Solving Logarithmic Equations — Free Game

Solving Logarithmic Equations

A logarithmic equation is an equation where the variable is found inside a logarithm. To solve these equations, the general strategy is to use logarithm properties to combine terms into a single logarithm, and then convert the equation into exponential form.

Key Properties to Remember

Before jumping into solving, make sure you know these fundamental logarithm rules:

Product Rule: $\log_b(xy) = \log_b(x) + \log_b(y)$
Quotient Rule: $\log_b\left(\frac{x}{y}\right) = \log_b(x) - \log_b(y)$
Exponential Conversion: $\log_b(x) = y \iff b^y = x$
One-to-One Property: If $\log_b(x) = \log_b(y)$ , then $x = y$

The 4-Step Method

Condense: If there are multiple logarithms on one side of the equation, use the product or quotient rules to combine them into a single logarithm.
Convert: Rewrite the equation in exponential form to eliminate the logarithm. (If both sides have a single logarithm with the same base, just drop the logs using the one-to-one property).
Solve: Solve the resulting algebraic equation.
Check: This is crucial!
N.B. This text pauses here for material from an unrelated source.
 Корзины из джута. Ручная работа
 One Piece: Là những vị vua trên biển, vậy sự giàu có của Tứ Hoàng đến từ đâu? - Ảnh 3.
The argument (inside) of a logarithm must always be strictly greater than zero. You must plug your answers back into the original equation to check for "extraneous" (invalid) solutions.

Example 1: Converting to Exponential Form

Solve: $\log_2(x) + \log_2(x - 2) = 3$

Step 1: Condense the logarithms. Use the product rule to combine the left side:

$\log_2(x(x - 2)) = 3$

Step 2: Convert to exponential form.

$2^3 = x(x - 2)$

Step 3: Solve the equation.

$8 = x^2 - 2x$

$x^2 - 2x - 8 = 0$

$(x - 4)(x + 2) = 0$

This gives us two potential solutions: $x = 4$ and $x = -2$ .

Step 4: Check for extraneous solutions. If we plug $x = -2$ into the original equation, we get $\log_2(-2)$ , which is undefined because we cannot take the logarithm of a negative number or zero. Therefore, $x = -2$ is an extraneous solution. The only valid solution is $x = 4$ .

Example 2: Using the One-to-One Property

Solve: $\ln(x + 1) - \ln(x - 1) = \ln 3$

Step 1: Condense the logarithms. Use the quotient rule on the left side:

$\ln\left(\frac{x + 1}{x - 1}\right) = \ln 3$

Step 2: Use the one-to-one property. Since both sides are natural logs ( $\ln$ ), we can set their arguments equal to each other:

$\frac{x + 1}{x - 1} = 3$

Step 3: Solve the equation. Multiply both sides by $(x - 1)$ :

$x + 1 = 3(x - 1)$

$x + 1 = 3x - 3$

$4 = 2x$

$x = 2$

Step 4: Check your answer. Plug $x = 2$ into the original equation arguments: $(2 + 1) = 3 > 0$ and $(2 - 1) = 1 > 0$ . Both arguments are positive, so $x = 2$ is a valid solution.